Prime Minister John Key says the fallout from the prank call to the hospital where the Duchess of Cambridge was being treated for morning sickness should be a "wake up call" to the radio industry.
Nurse Jacintha Saldanha, who took the call at London's King Edward VII, was found dead in her apartment on Saturday morning.
Sydney-based 2Day FM's Mel Greig and Michael Christian had pretended to be Queen Elizabeth and Prince Charles, and were told private information about the Duchess of Cambridge's condition.
"I don't think anyone could have foretold what would happen, it's incredibly sad, I felt sick when I heard the news," Key said.
"All I can say is over the course of decades we have seen radio stations play these practical jokes and stunts and they just need to think them through and this, I suspect, will be a bit of a wake up call for the industry."
Last night Greig and Christian broke their silence on the ordeal and recorded two television interviews on the Nine and Seven Networks.
They said the tragedy had left them "shattered, gutted, heartbroken".
Greig and fellow presenter and prank mastermind Christian have been in hiding since nurse Jacintha Saldanha's death and the subsequent social media outrage at their prank.
Their show, "Hot 30," has been terminated, the station's parent company, Southern Cross Austereo (SCA), said in a statement. SCA also announced a company-wide suspension of prank calls.
'Was she a mother?'
Greig told Australian television her first thought when told of Saldanha's death was for her family.
"Unfortunately I remember that moment very well, because I haven't stopped thinking about it since it happened," she said, amid tears and her voice quavering with emotion. "I remember my first question was 'was she a mother?'"
"I've wanted to just reach out to them and just give them a big hug and say sorry. I hope they're okay, I really do.

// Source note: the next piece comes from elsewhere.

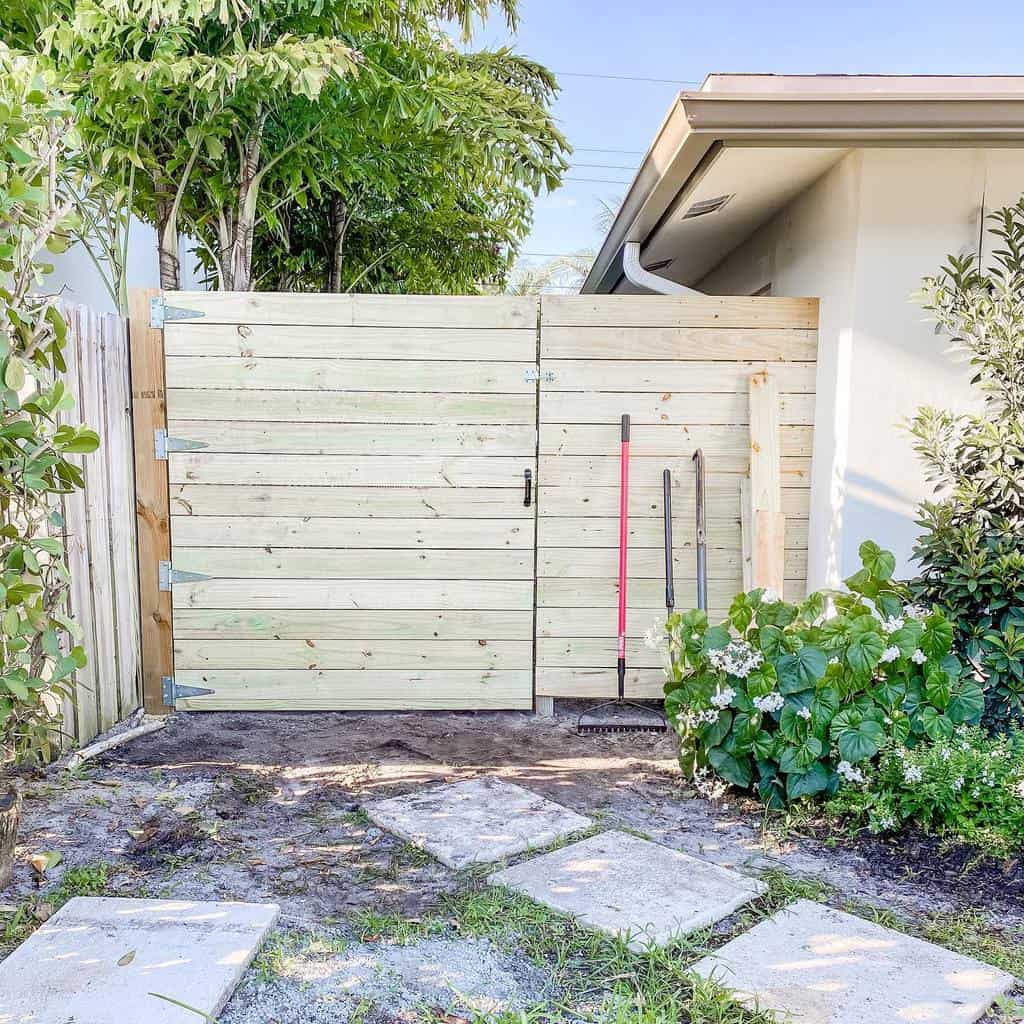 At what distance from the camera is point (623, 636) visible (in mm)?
3627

I hope they get through this," said a black-clad Greig when asked about mother of two Saldanha's children, left grieving their mother's death with their father Ben Barboza.
Saldanha, 46, was found dead in staff accommodation near London's King Edward VII hospital on Friday after putting the hoax call through to a colleague who unwittingly disclosed details of Kate's morning sickness to 2DayFM's presenters.

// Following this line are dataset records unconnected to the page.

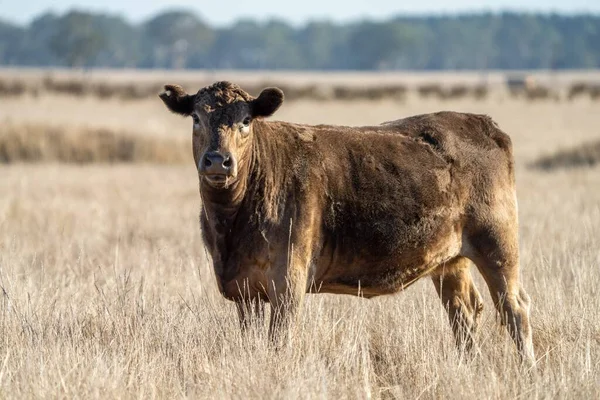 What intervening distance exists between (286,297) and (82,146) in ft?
64.9

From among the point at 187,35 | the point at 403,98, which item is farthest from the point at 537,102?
the point at 187,35

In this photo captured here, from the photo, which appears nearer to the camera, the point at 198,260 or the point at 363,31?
the point at 198,260

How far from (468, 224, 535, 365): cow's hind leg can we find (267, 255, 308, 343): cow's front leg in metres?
1.59

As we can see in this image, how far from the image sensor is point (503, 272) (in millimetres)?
7633

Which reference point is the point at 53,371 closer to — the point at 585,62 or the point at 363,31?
the point at 363,31

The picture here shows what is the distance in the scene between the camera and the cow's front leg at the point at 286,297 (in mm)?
6660

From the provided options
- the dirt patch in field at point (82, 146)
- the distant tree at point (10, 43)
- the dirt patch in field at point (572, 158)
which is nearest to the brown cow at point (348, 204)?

A recording of the call, broadcast repeatedly by the station, rapidly became an internet hit and was reprinted as a transcript in many newspapers.

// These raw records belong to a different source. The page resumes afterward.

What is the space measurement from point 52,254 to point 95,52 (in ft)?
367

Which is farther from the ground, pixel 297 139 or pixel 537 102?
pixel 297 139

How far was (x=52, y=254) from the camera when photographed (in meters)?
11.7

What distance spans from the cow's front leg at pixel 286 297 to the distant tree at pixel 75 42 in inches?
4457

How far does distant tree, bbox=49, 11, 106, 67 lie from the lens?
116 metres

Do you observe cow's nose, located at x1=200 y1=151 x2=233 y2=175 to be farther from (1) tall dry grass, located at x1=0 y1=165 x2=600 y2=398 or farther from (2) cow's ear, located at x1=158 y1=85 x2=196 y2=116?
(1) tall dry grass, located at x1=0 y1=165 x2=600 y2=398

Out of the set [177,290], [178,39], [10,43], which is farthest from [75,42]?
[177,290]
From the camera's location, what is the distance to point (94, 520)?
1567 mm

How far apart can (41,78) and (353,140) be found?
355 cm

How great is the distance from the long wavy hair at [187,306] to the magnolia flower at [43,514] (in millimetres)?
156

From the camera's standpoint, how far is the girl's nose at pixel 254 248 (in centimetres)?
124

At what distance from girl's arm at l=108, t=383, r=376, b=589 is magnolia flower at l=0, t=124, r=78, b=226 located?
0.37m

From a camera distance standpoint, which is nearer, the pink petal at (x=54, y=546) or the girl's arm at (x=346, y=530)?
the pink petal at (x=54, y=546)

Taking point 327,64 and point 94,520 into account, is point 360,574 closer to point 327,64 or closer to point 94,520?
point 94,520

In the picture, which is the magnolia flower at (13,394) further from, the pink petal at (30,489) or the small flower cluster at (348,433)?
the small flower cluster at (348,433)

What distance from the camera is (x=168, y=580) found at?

But news of Saldanha's death sparked the Internet firestorm, with vitriolic comments towards the DJs on Facebook and Twitter.
Christian said his only wish was that Saldanha's grief-stricken family received proper support.
"I hope that they get the love, the support, the care that they need, you know," said Christian, who like Greig struggled to talk about the tragedy.
New to the job
Both Greig, 30, and Christian were relatively new to the station, with Greig joining in March and Christian having been in the job only a few days before the prank call after a career in regional radio.
Greig said she did not think their prank would work.
"We thought a hundred people before us would've tried it. We thought it was such a silly idea and the accents were terrible and not for a second did we expect to speak to Kate, let alone have a conversation with anyone at the hospital. We wanted to be hung up on," she said.
Christian drew headlines only two weeks before the royal prank call by angering fellow passengers with a harmonica playing stunt aboard pop star Rihanna's private jet.
SCA, 2Day's parent company, has received more than 1,000 complaints from Australians over the actions of the popular presenters, who have both been taken off air during an broadcasting watchdog investigation.
"SCA and the hosts of the radio program have also decided that they will not return to the airwaves until further notice," SCA said in a statement.
Shares in SCA fell 5% on Monday after two major Australian companies pulled their advertising with the radio station in protest and other advertising was suspended.
The station said it had tried to contact hospital staff five times over the recordings.
"It is absolutely true to say that we actually did attempt to contact those people on multiple occasions," said SCA chief executive Rhys Holleran.
"No one could have reasonably foreseen what has happened. I can only say the prank call is not unusual around the world," he said.
The fallout from the radio stunt has brought back memories in Britain of the death of William's mother Diana in a Paris car crash in 1997 and threatens to cast a pall over the birth of his and Kate's first child.
Australia's Communications Minister Stephen Conroy sought to deflect calls for more media regulation, telling journalists that a looming investigation by Australia's independent regulator should be allowed to happen without political interference.